Aus diesem Grund waren die Voraussetzungen für eine außerordentliche Beschwerde wegen greifbarer Gesetzwidrigkeit, Vorliegen eines schwerden Verfahrensfehlers gegeben. Dies gilt im vorliegenden Fall auch deshalb, weil das Arbeitsgericht Bremen diesen Begriff zur Begründung seiner Rechtsauffassung, es sei eine sofortige Beschwerde gegen seine Entscheidung - trotz der Vorschrift des § 238 Abs. 2 ZPO - gegeben, bereits erwähnt hat. Wenn das erstinstanzliche Gericht aber eine Entscheidung trifft, die es wegen der unklaren Rechtslage als möglicherweise problematisch ansieht und deshalb einen Weg zur Überprüfung seiner Entscheidung durch Einlegung eines außerordentlichen Rechtsbehelfs den Parteien aufzeigt, wäre es für diese Parteien mehr als unverständlich, wenn das Beschwerdegericht diesen Weg als unzulässig verwerfen würde.

Die Entscheidung war deshalb aufzuheben.

2. Der Rechtsstreit ist mit dieser Entscheidung nach Auffassung der Beschwerdekammer jedoch für den Kläger noch nicht "endgültig verloren".

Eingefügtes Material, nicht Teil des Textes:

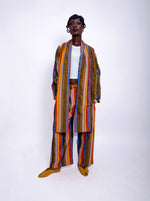 Load image into Gallery viewer, A person wearing a bold, multicolored striped Kente fabric outfit, consisting of a long coat and pants, against a white background.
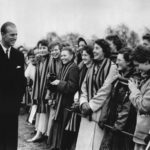 FILE - In this March 10, 1957 file photo, Britain's Prince Philip is greeted by some of the students of St. Mary's College, in Cheltenham, England, as he left the playing fields of St. Paul's College  (AP Photo/File)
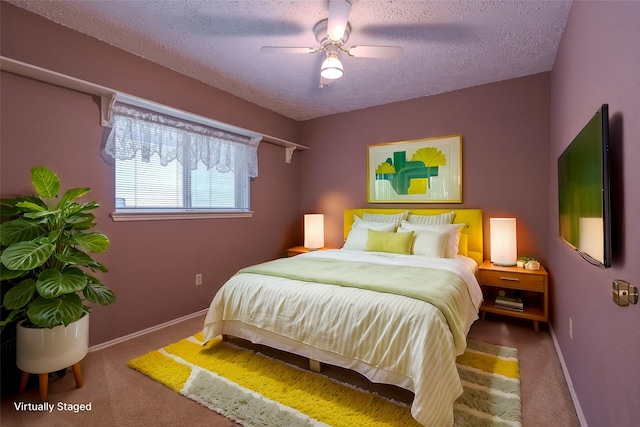 carpeted bedroom with baseboards, a textured ceiling, and ceiling fan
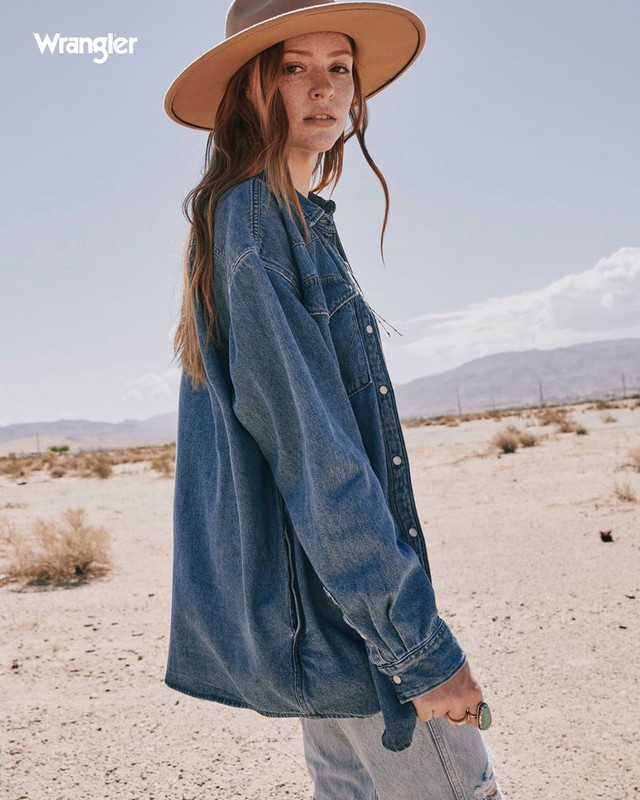 A woman in a denim shirt and hat poses in a desert landscape under a bright sky. The Wrangler logo is visible in the top left.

Für das weitere Verfahren weist die Beschwerdekammer deshalb auf Folgendes hin:

a) Zu Recht hat das Arbeitsgericht darauf hingewiesen, dass der Bundesgerichtshof und auch das Bundesarbeitsgericht nicht auszuschließen, dass dann, wenn Treu und Glauben dies gebieten, die Partei, welche die Frist versäumt hat, so gestellt werden muss, als hätte sie den Widerruf rechtzeitig erklärt.

Diese Prüfung ist im Hauptsacheverfahren weiterhin nicht ausgeschlossen. Das Verfahren muss evtl. nach einer Umstellung des Antrags durch den Kläger dahingehend, "festzustellen, dass der vorliegende Rechtsstreit nicht durch den Vergleich vom 04.11.1996 beendet wurde" - vgl. auch den Sachverhalt, der der Entscheidung BAG AP Nr. 47 zu § 794 ZPO zugrunde liegt -, fortgesetzt werden.

Nicht anders ist auch der Hinweis des Bundesgerichtshofs in der auch vom Arbeitsgericht herangezogenen Entscheidung (BGHZE 61 S. 394 (400)) zu verstehen, wenn er formuliert, eine Partei müsse, wenn Treu und Glauben dies gebieten, so gestellt werden, als hätte sie den Widerruf rechtzeitig erklärt (vgl. dazu auch Vollkommer in der Anm. zu AP Nr. 24 zu § 794 ZPO). Sie kann so gestellt werden, wenn im Hauptsacheverfahren festgestellt würde, dass das Berufen auf den Ablauf der Widerrufsfrist nach Treu und Glauben unzulässig ist. Auch das Bundesarbeitsgericht scheint dieser Auffassung zuzuneigen, denn in der Entscheidung AP Nr. 47 zu § 794 ZPO prüft es, ob das Berufen auf den Ablauf der Widerrufsfrist mit Treu und Glauben zu vereinbaren ist, in einem Verfahren, in dem es - wie bei einer Anfechtung eines Vergleichs - um die Entscheidung des Antrags geht, "festzustellen, dass der vorliegende Rechtsstreit nicht durch einen Vergleich beendet wurde", nachdem zunächst ein Antrag auf Wiedereinsetzung wegen Versäumung der Widerrufsfrist gestellt war.

b) Es sei jedoch auch darauf hingewiesen, dass die Beschwerdekammer erhebliche Zweifel daran hat, ob der bisherige Vortrag des Klägers ausreichend substantiiert ist, um ihn so stellen zu können, als hätte er den Widerruf rechtzeitig erklärt. Immerhin hat der Kläger selber vorgetragen, sein Prozessbevollmächtigter habe sein Büro am 19.08.2002 wieder betreten können. Was "ein einigermaßen geregelter Kanzleibetrieb" sein soll, der erst ab 02.09.2002 wieder möglich gewesen sein soll, bleibt das Geheimnis des Klägers bzw. seines Prozessbevollmächtigten. Hier müsste nach Auffassung der Beschwerdekammer im Einzelnen die Hochwasserlage und die Folgen für den Bürobetrieb, insbesondere in der Zeit vom 19.08.2002 bis zum 02.09.2002 geschildert werden.

4. a) Die Gerichtskosten für das Beschwerdeverfahren waren gemäß § 8 GKG niederzuschlagen. Über die Parteikosten ist im Hauptsacheverfahren zu entscheiden (vgl. § 238 Abs. 4 ZPO; Zöller/Greger, ZPO, 23. Aufl., § 238 Rdz. 11).

b) Die Voraussetzungen für die Zulassung der Rechtsbeschwerde sind nicht gegeben.